> INSTRUCTIONS TO FOLLOW: Set out exactly every line of the entries below, starting at the line that holds "BMX FE3D 2 (БМХ" and stopping after the line that holds "Small Objects Display".

*** Opening SUPPLIED ENTRIES ***

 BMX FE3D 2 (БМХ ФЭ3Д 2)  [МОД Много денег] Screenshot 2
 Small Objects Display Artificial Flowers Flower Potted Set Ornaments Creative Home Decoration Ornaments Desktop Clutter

*** Closing SUPPLIED ENTRIES ***
*** Opening SUPPLIED ENTRIES ***

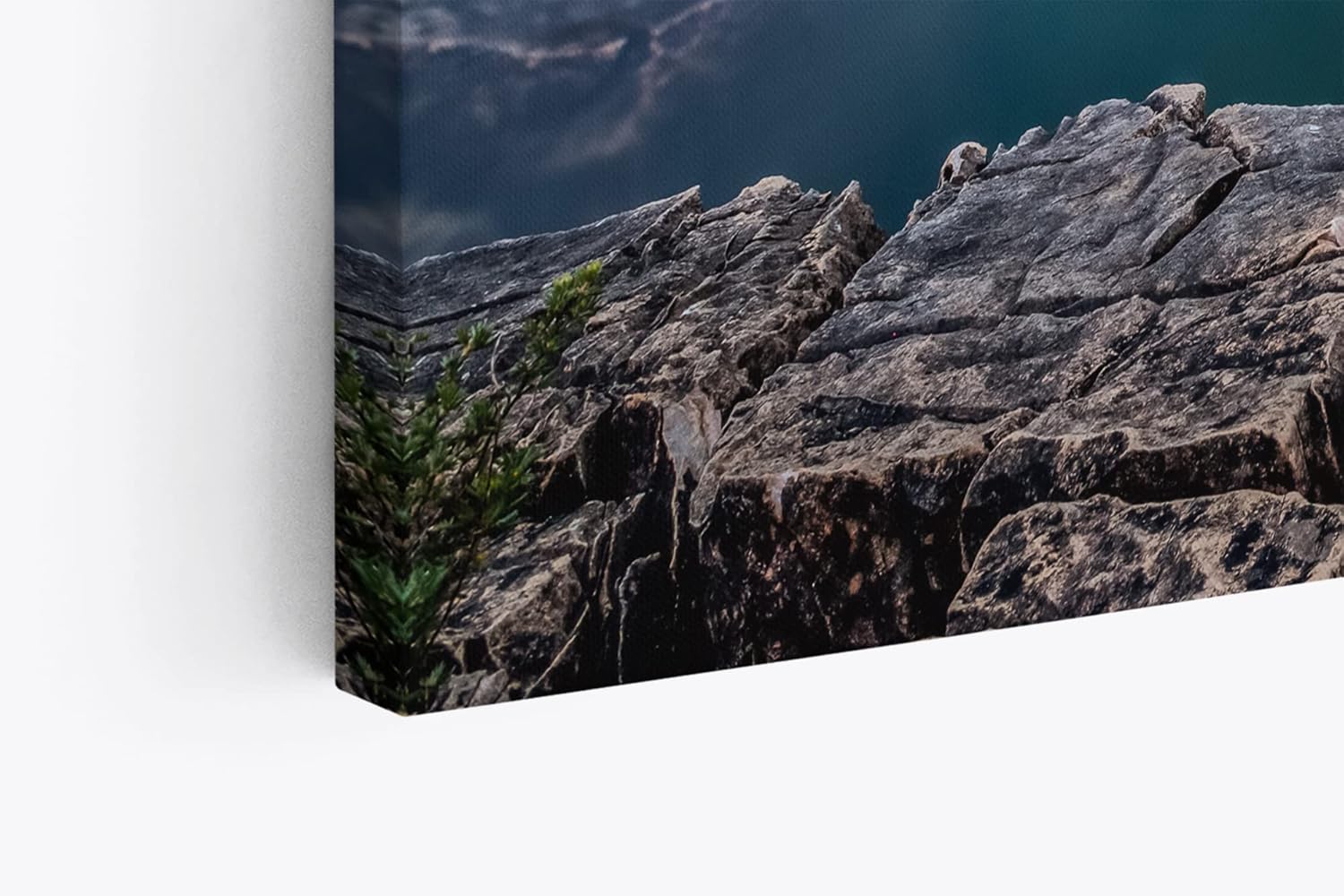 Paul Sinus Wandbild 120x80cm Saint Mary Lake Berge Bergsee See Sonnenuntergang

*** Closing SUPPLIED ENTRIES ***
*** Opening SUPPLIED ENTRIES ***

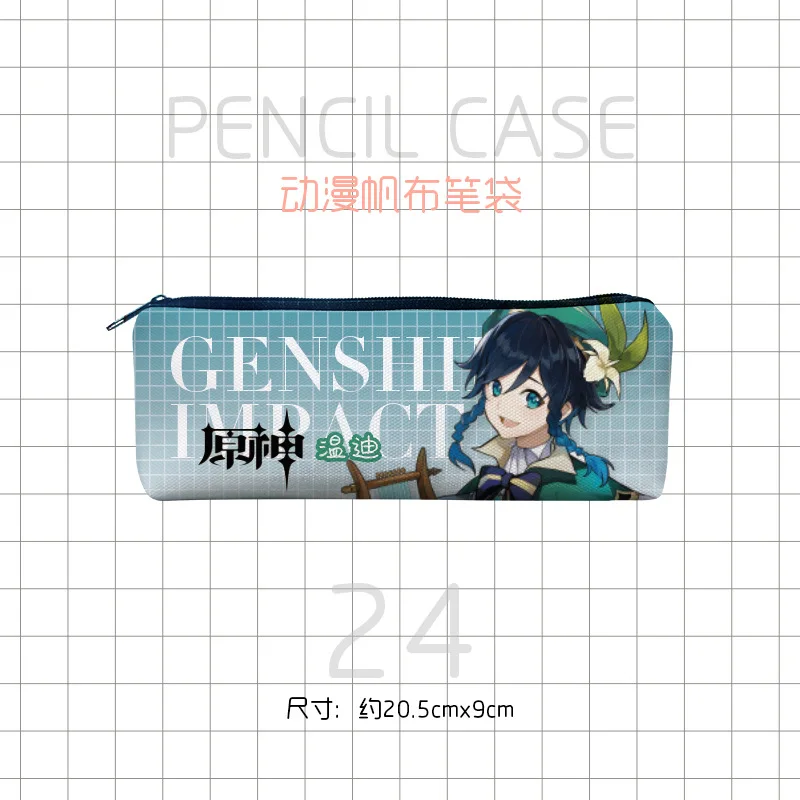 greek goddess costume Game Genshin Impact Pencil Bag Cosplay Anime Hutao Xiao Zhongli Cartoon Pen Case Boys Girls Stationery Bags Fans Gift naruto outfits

*** Closing SUPPLIED ENTRIES ***

> EXERCISE ANSWER:
 BMX FE3D 2 (БМХ ФЭ3Д 2)  [МОД Много денег] Screenshot 2
 Small Objects Display Artificial Flowers Flower Potted Set Ornaments Creative Home Decoration Ornaments Desktop Clutter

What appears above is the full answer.